> _Work instruction_: Please restate word for word the lines of the entries below from the one with "Xmas Girl Happy" to the one with "Charcoal Gray Classic", inclusive, and leave out every picture.

> _Entries supplied_:
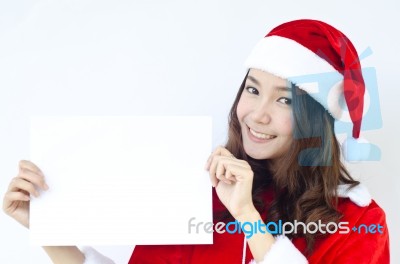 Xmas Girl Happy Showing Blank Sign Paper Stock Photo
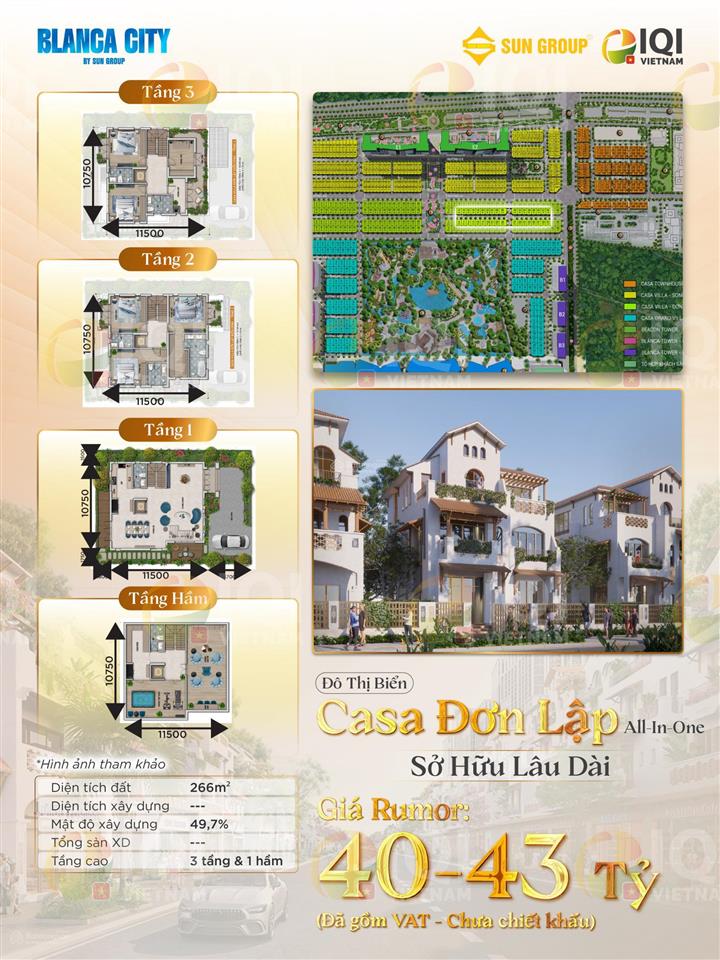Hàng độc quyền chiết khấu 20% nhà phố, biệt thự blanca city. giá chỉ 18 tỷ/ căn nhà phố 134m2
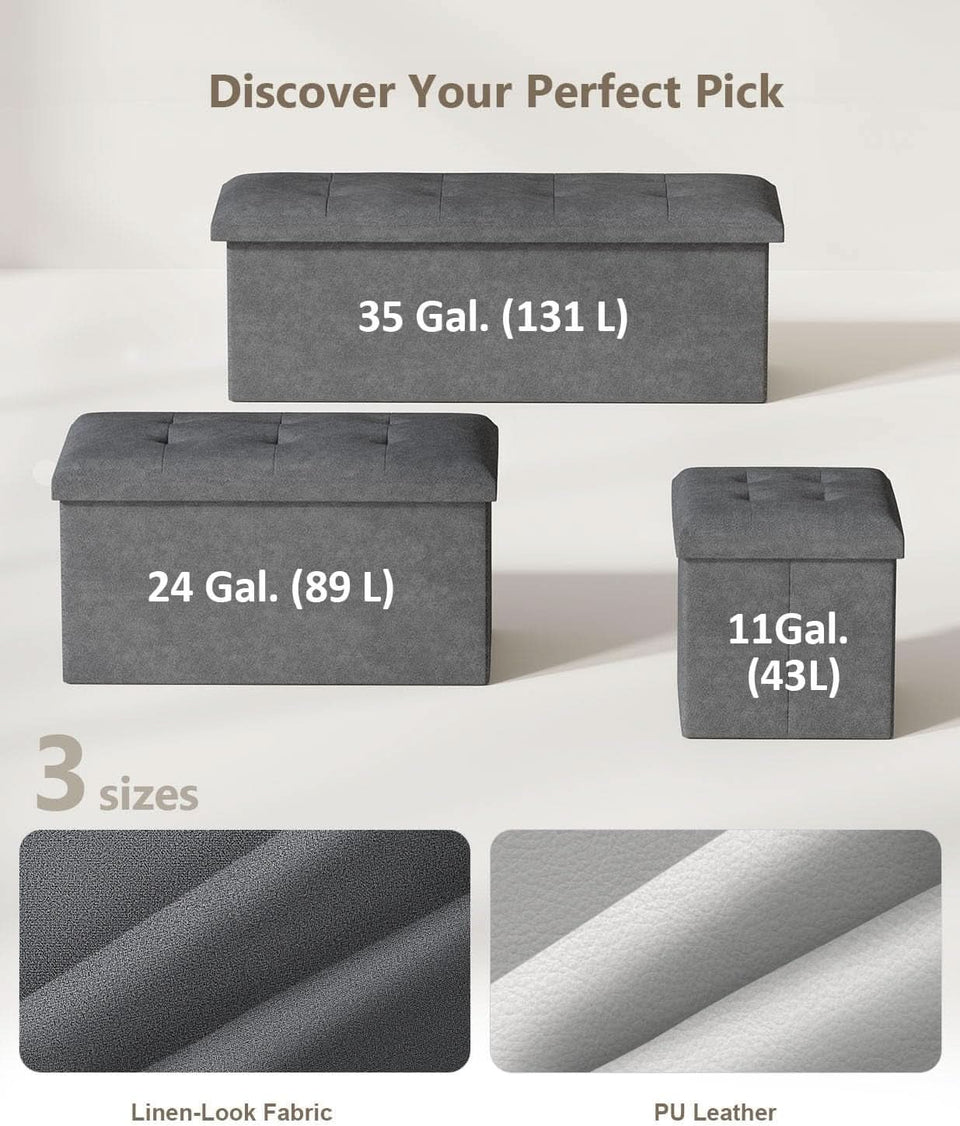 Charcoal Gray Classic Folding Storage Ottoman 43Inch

* * *

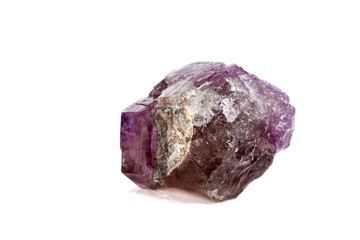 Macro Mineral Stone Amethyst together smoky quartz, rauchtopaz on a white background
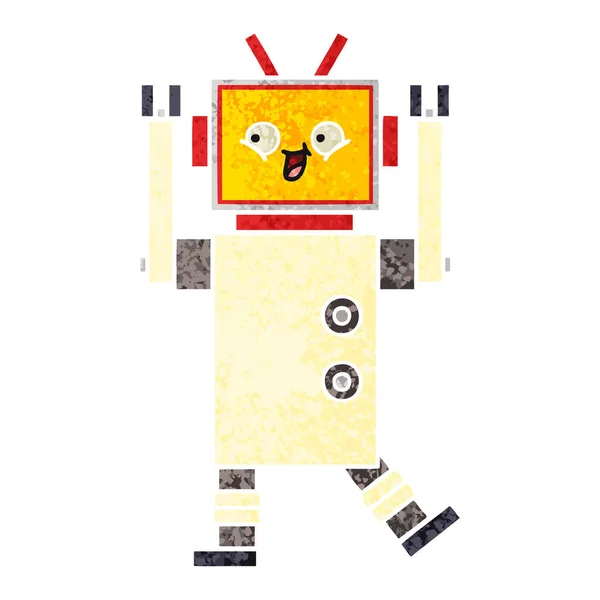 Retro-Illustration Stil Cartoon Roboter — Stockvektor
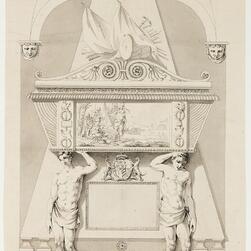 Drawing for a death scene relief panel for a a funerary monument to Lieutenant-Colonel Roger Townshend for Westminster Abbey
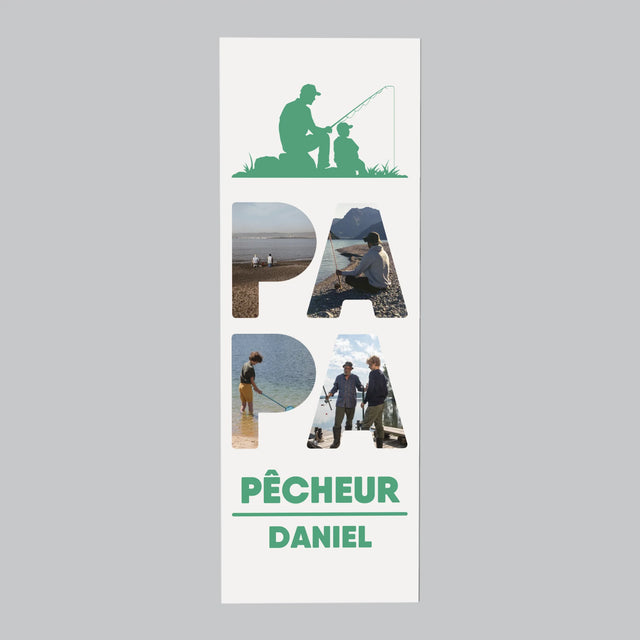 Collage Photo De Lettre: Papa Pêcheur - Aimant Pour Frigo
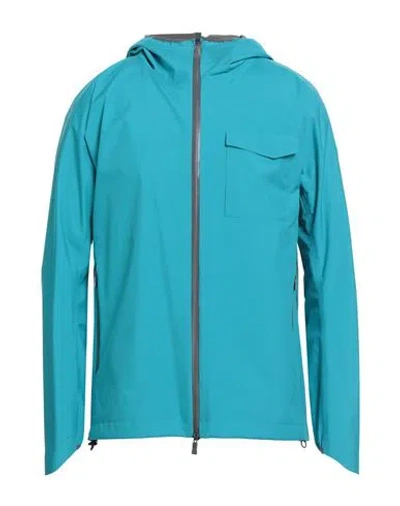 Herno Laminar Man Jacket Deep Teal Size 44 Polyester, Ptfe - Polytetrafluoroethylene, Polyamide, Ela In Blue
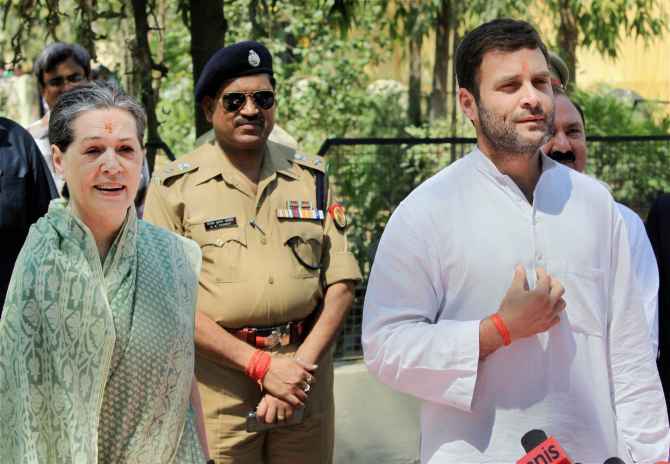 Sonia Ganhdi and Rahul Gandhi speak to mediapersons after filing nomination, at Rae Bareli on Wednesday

> _Solution_:
 Xmas Girl Happy Showing Blank Sign Paper Stock Photo
Hàng độc quyền chiết khấu 20% nhà phố, biệt thự blanca city. giá chỉ 18 tỷ/ căn nhà phố 134m2
 Charcoal Gray Classic Folding Storage Ottoman 43Inch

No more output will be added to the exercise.